KUWAIT: Two lawmakers who recently arrived back from the Comoros gave conflicting statements on whether the issue of stateless residents was discussed or not, adding even more uncertainty surrounding the fate of Kuwait’s population of ‘bedoons’.
MP Saud Al-Huraiji, head of the parliamentary delegation that visited the African nation last week, denied on Sunday that Kuwaiti lawmakers had any discussions with Comorian officials related to the bedoon issue. However, delegation member MP Hamdan Al-Azmi was quoted by the press yesterday confirming that such discussions took place.
Not only that, but Azmi told Al-Anbaa daily that Comorian officials ‘agreed in principle’ on the possibility of giving the African country’s citizenship to stateless residents in Kuwait. Huraiji himself was quoted by the press ahead of the visit as saying that the delegation would attend workshops on the settlement of bedoons in the Comoros, and probe the credibility of recent talks in that regard.
The governments of Kuwait and the Comoros had reportedly discussed in the past the possibility of granting the African nation’s citizenship to stateless residents in Kuwait. However, the issue of resettling ‘bedoons’ in the Comoros was not addressed. One Comorian official has recently confirmed that. According to Azmi, the Comorian interior minister informed the Kuwaiti delegation that negotiations took place with Kuwait over the possible naturalization of ‘bedoons’ “based on an initiative from the Comoros.”
“The Comoros expressed agreement in principles over the issue,” Azmi said, “and they need specific legislations to be passed in (the Comorian) parliament for that purpose. A delegation from the Comoros had discussed this issue during a previous visit to Kuwait, and negotiations have been ongoing for over a year.”
Azmi, meanwhile, reiterated his rejection to such proposals, demanding that the Kuwaiti government naturalizes deserving ‘bedoons’. Kuwait first entertained the idea of providing the Comoros’ citizenship to ‘bedoons’ in 2014, following in the footsteps of the United Arab Emirates. Under a plan reportedly discussed between the governments of the two nations, illegal residents would obtain Comoros’ citizenship and retain the rights to reside in Kuwait under Article 22 (self-sponsorship), to free education and health care, and to employment. Meanwhile, Kuwait would build schools, institutes and houses in the island-nation. Kuwait insists that no stateless resident would be forcibly deported as a consequence of this plan.
The ambiguity in lawmakers’ most recent comments is reflective of the way that both government and parliament have approached this dilemma since Kuwait’s independence over half a century ago. Kuwait is home to more than 100,000 illegal residents who seek Kuwaiti citizenship as well as civil and social rights. However, the government says that only 34,000 are qualified for consideration while the rest are Arabs or descendants of Arab people who moved to Kuwait following the discovery of oil and deliberately disposed of their original passports to seek citizenship in the oil-rich country.

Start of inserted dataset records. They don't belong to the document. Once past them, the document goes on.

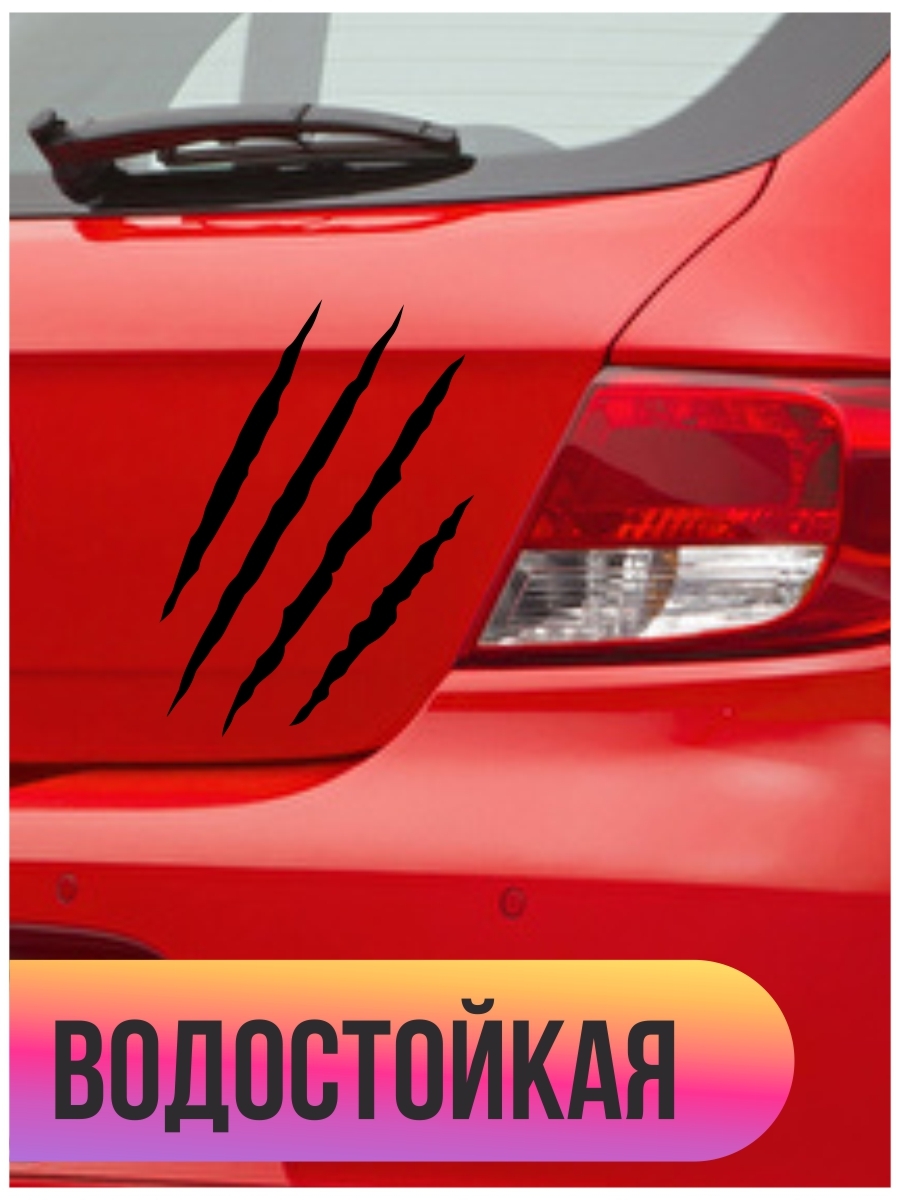 Наклейка на авто Царапины, порезы, когти, шрамы для декора автомобиля на  машину стекло автомобильная - купить по выгодным ценам в интернет-магазине  OZON (564214291)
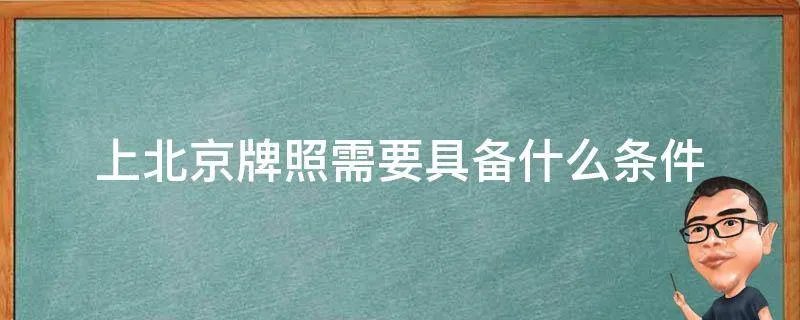 上北京牌照需要具备什么条件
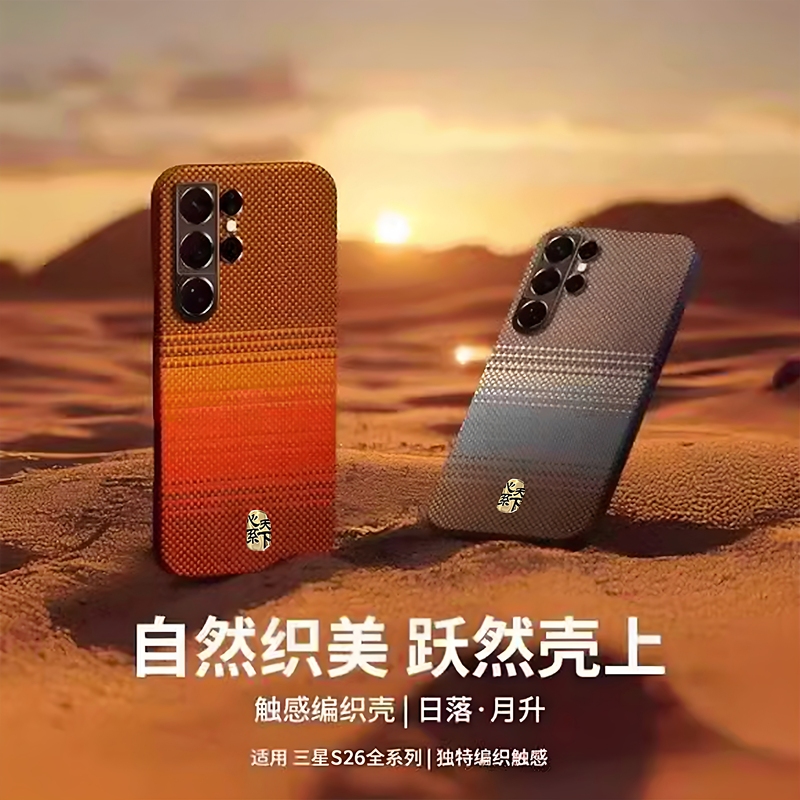 Suitable for Samsung S26 Ultra Phone Case, High-End New Kevlar Carbon Fiber Woven Galaxy S25 Ultra Protective Case, Ultra-Thin Magnetic S24+ Full-Cover Anti-Drop Case, Heart of the World Design
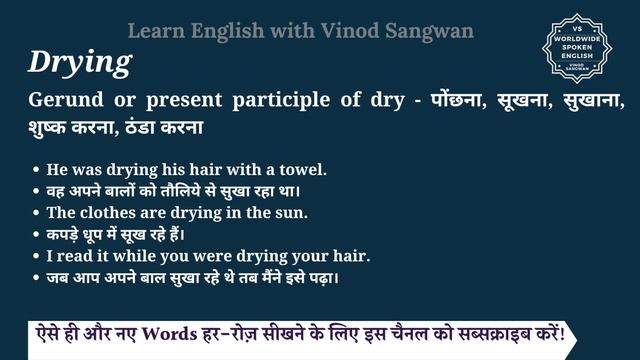 Drying meaning in Hindi | Drying ka matlab kya hota hai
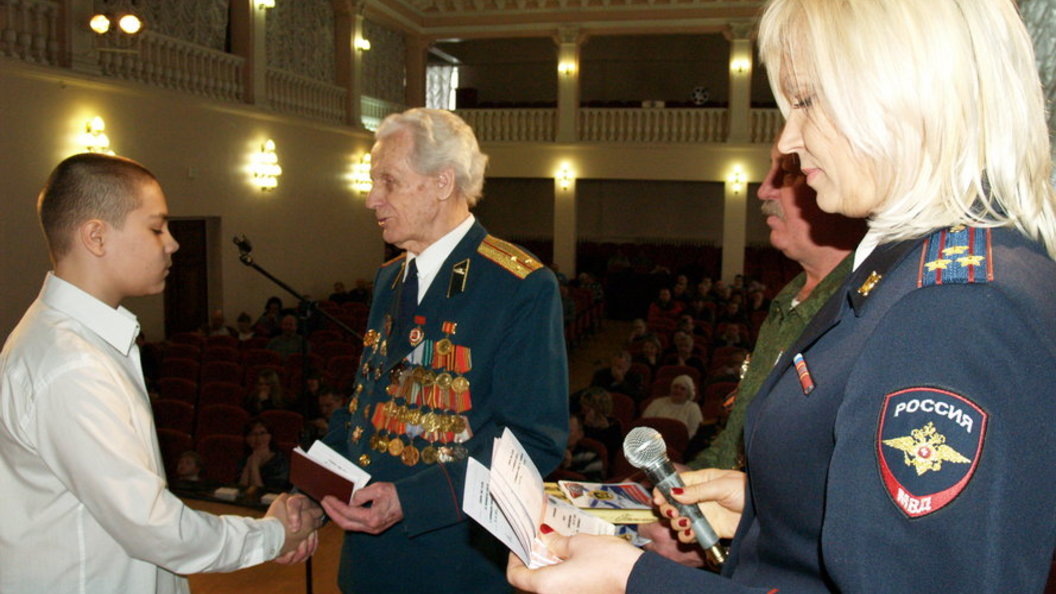    Фото: Царьград/Ростов-на-Дону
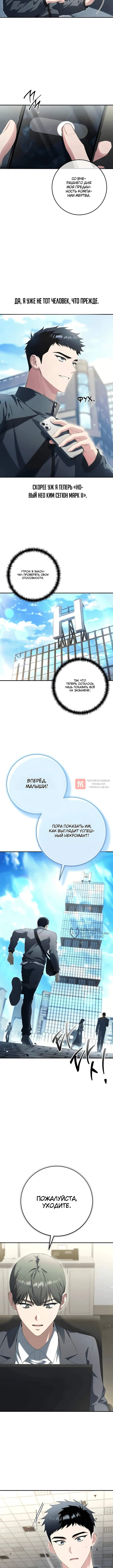 Глава 2, Страница 10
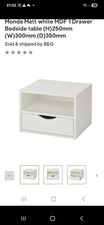 Monda Wall Mounted Floating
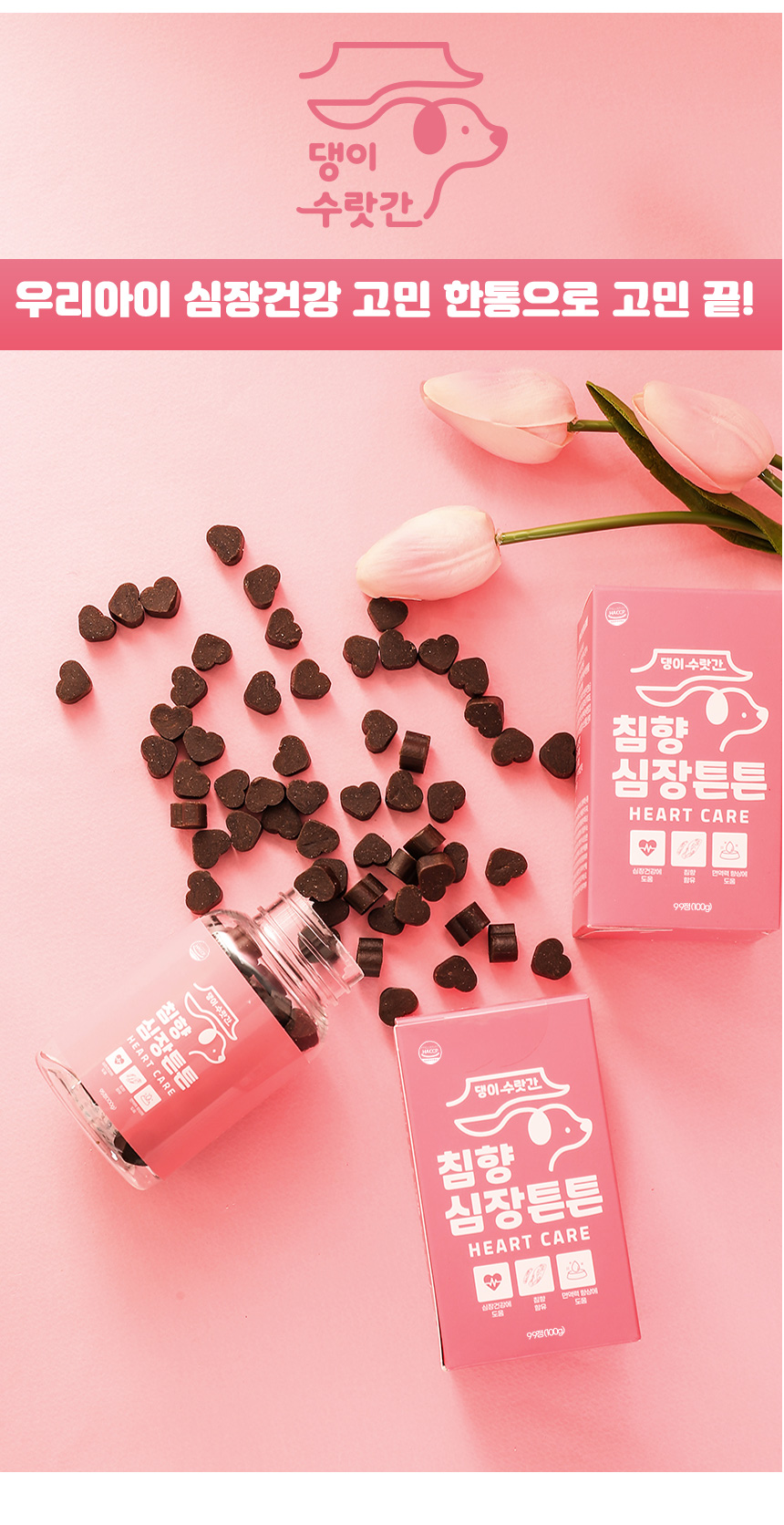 [무료배송] 댕이수랏간 침향 심장튼튼 영양제 100g 5번째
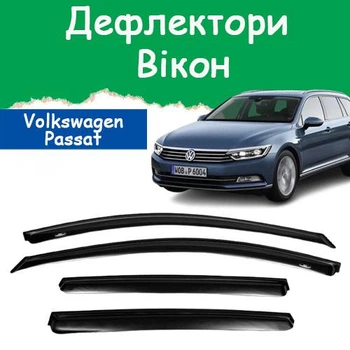 Дефлектори бічних вікон Volkswagen Passat B8 Variant Фольксваген Пассат Б8 універсал 2014- вітровики.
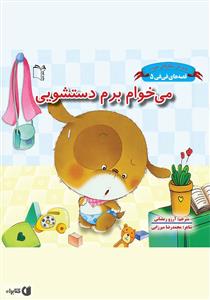 قصه های فی فی 5 - می خوام برم دستشویی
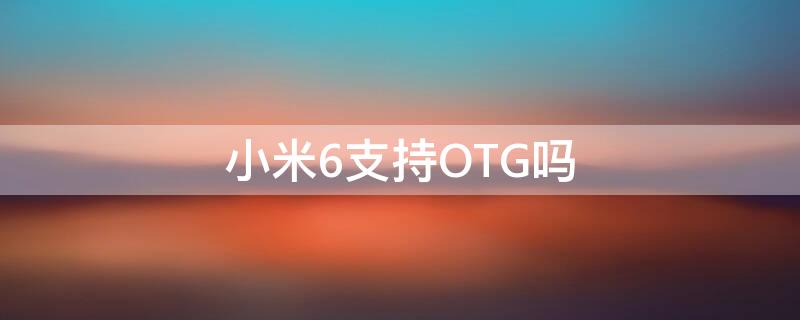 小米6支持OTG嗎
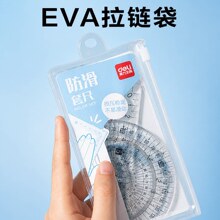 得力防滑套尺透明15cm学生绘图尺子套装带EVA拉链袋VC23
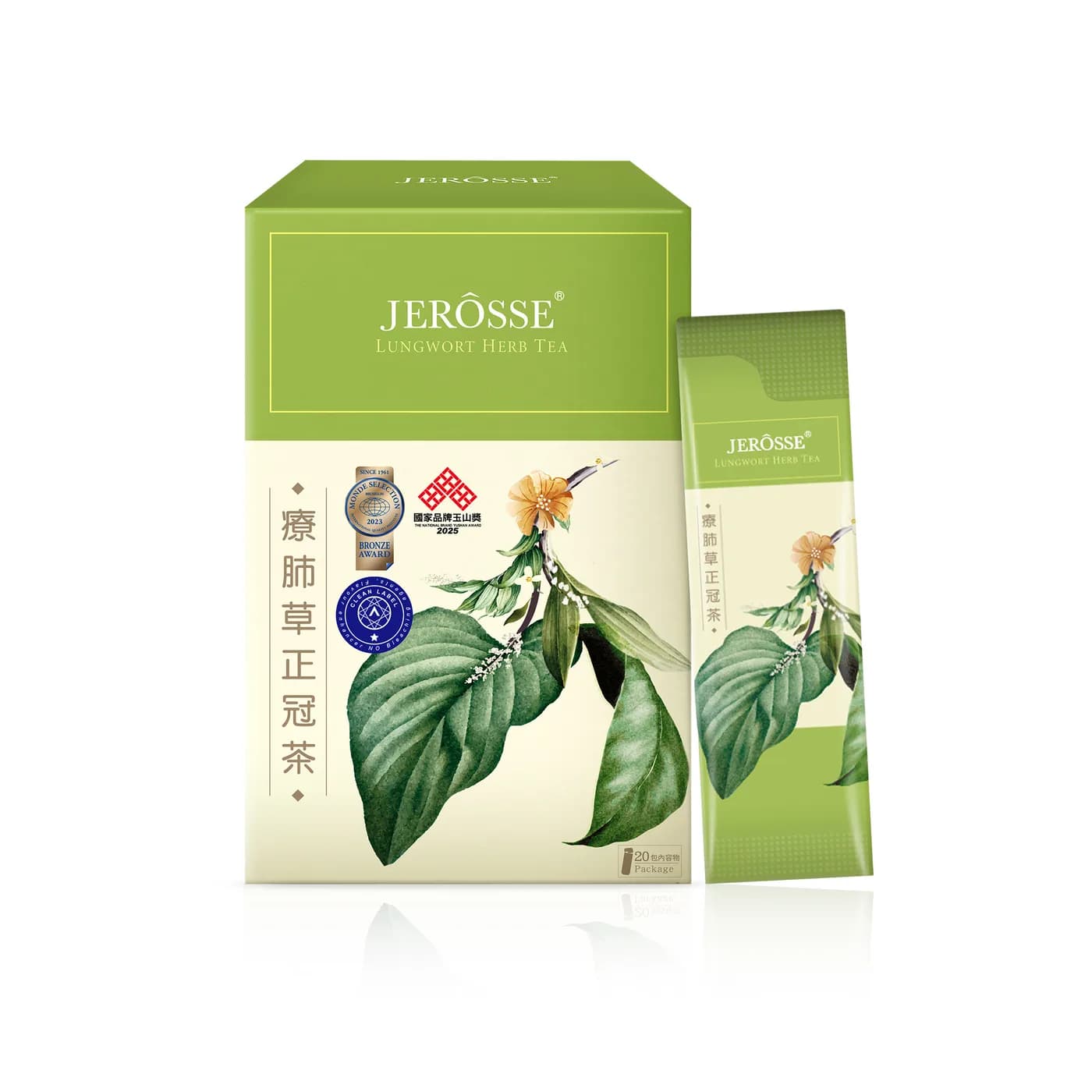 JEROSSE 婕樂纖 療肺草正冠茶(20包/盒) 官方授權正品 - 2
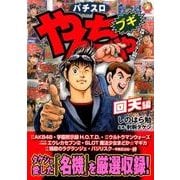 やんちゃブギ 回天編（ドンキーコミックス） [コミック]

Last November, Interior Ministry’s Assistant Undersecretary for Citizenship and Passports Affairs Major General Mazen Al-Jarrah confirmed that the issue pertaining with the 34,000 illegal residents is being studied in cooperation with the Central Apparatus for Illegal Residents; a state body established in 2010 to find a final solution to the decades-old bedoon problem. He added that while those people have documents to prove they were registered in the 1965 census – a prerequisite for consideration to receive citizenship – further filtering could render some files disqualified due to security and other reasons.
The National Assembly approved recently several recommendations pertinent to the conditions of illegal residents. The recommendations included the naturalization of worthy illegal residents, mainly the children of martyrs, Kuwaitis’ relatives and military personnel. They also called for handing out ‘security cards’ to illegal residents who are not included in naturalization lists so that they could gain access to basic humanitarian and social rights, recruiting them at military and government agencies and bodies as well as the private sector, and for reconsidering existing security restrictions on illegal residents’ families. Furthermore, illegal residents should be given access to birth and death certificates, marriage and divorce contracts, driving licenses and public schools.
Minister of State for Cabinet Affairs Sheikh Mohammad Abdullah Al-Mubarak Al-Sabah had warned that the government would abstain from voting unless such recommendations were reformulated. But, he had assured that the issue of illegal residents was given top priority by the government.
Kuwait has for over six years been encouraging ‘bedoons’ to legalize their status by obtaining documents that show their original nationalities, announcing benefits to those who do so including residency permits, free-of-charge education and health services, supply cards, and priority recruitment after Kuwaiti nationals in public agencies and bodies. Last November, Kuwaiti authorities announced that over 7,000 stateless people have regulated their status since 2011.